Well, prove em wrong. Show up for the JPII mass as well as the 1962.
By the grace of God, I'm not a Chicagoan, so I will not face this choice. As I said, I fully expect Cupich to make hay of the TLMers' recusancy from his monthly "loyalty oath" Mass. But I wonder... if they *do* turn up en masse, might he not exploit that, as well? "See! The so-called 'trads' have taken to their reeducation splendidly, so let's move on to Phase 2..."
Bingo. Heads you lose, tails the cardinal wins.
“There are bishops who have long opposed the use of the Extraordinary Form, and even ‘reform of the reform’ liturgical sentiments, because their own seminary formation taught them those things were contrary to development of the Church’s teachings at the Second Vatican Council. Many of them are, no doubt, acting in good faith.”
JD, I have to commend you and thank you for challenging me with what seems to me to be quite a charitable presumption. I genuinely hope that I can arrive there myself, but I have a hard time reading this as anything other than as a deeply personal and malicious attack, rooted in power and not in good-faith theological formation. (My perspective is that of someone who has attended Mass in the now “antecedent” rite no more than a handful of times and has never attended a “novus ordo” Mass that was celebrated ad orientem.) The extra step Cupich takes to restrict the ad orientem posture really just reads as making sure that the so-called “RadTrads” don’t feel *too* comfortable on the first Sunday of the month/high holy days. In my reading of Sacrosanctum concilium and the GIRM, I see nothing that even hints at the possibility of such a restriction. This seems personal. And to take it to the macro level, this whole process - from the hastily cobbled-together “consultation” of the world’s bishops to the answering of the dubia - seems to have been designed to produce this exact result with or without any “proof” of a pressing pastoral concern.
I am going to pray for Pope Francis, Cardinal Cupich, Archbishop Roche, and everyone else involved. I’ll also be praying for the many people I know who are TLM adherents, that they remain with Christ and His Church and that God may use this trial as a way to sanctify each of them.
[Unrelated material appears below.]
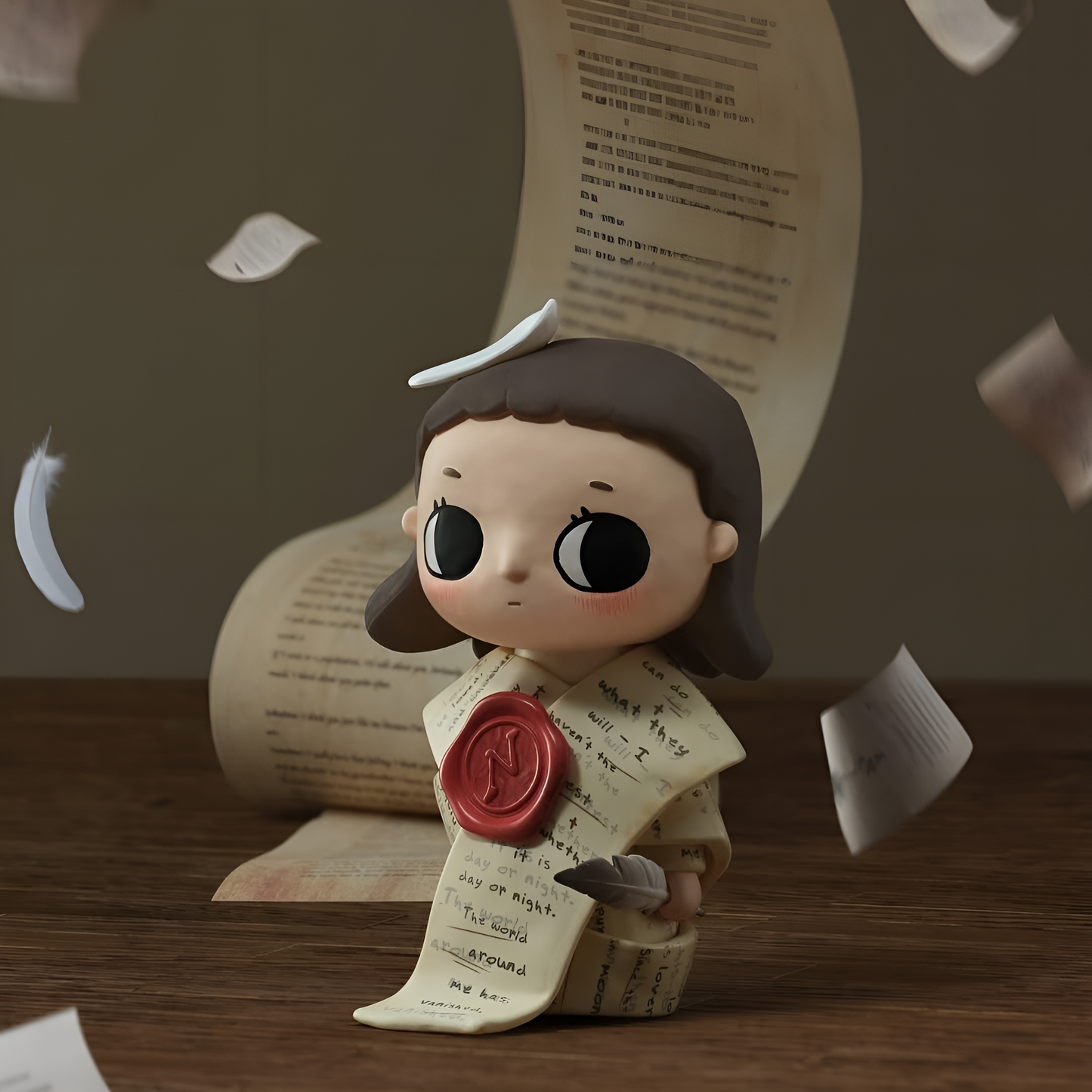 Nyota Growing up by Your Way Series Figures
My heart breaks with them.
This is so very true that it just makes me cry.
Sounds a *teeny* bit biased. Just a bit.
in which direction?
JD takes the high road with his reflections on Cardinal Newman and documents of the second Vatican council. This is good IMO as it's good to remember that the Church has an ancient history of strife and struggle through which somehow the Holy Spirit works.
It's also important to recognize within that history people often act out of their basic fallen human nature in concrete ways that shouldn't be swept up as just another event in history. There is something at play here that is much older than even the Church herself. Cardinal Cupich, with the backing of Pope Francis, has the power and the TLM community under his care does not. Cupich is wielding that power as nothing other than a bully. He's going to display his dominance come what may. That's what bullies do. If that means a loss of the faithful or even his own priests, that's a price worth paying. Ideological bullying and nothing more.
I would suggest the faithful and seminarians refuse to play the game. There are still places where the bishop is not a wolf in shepherd's clothing. Find one and live there peacefully. We have many liturgical refugees in our parish who have no desire for confrontation with rotten bishops but who also won't subject themselves or their families to the domination of a bully when the Lord has granted them other options
Speaking of families. I would advise all clerics that tradition minded Catholics, TLM or not, tend to have large families, and we understand who the primary educators of our children are (there's VII again). We are bound by conscience to teach our children about the history of wolves in shepherd's clothing that has been a part of salvation history from ancient biblical times right up to our own.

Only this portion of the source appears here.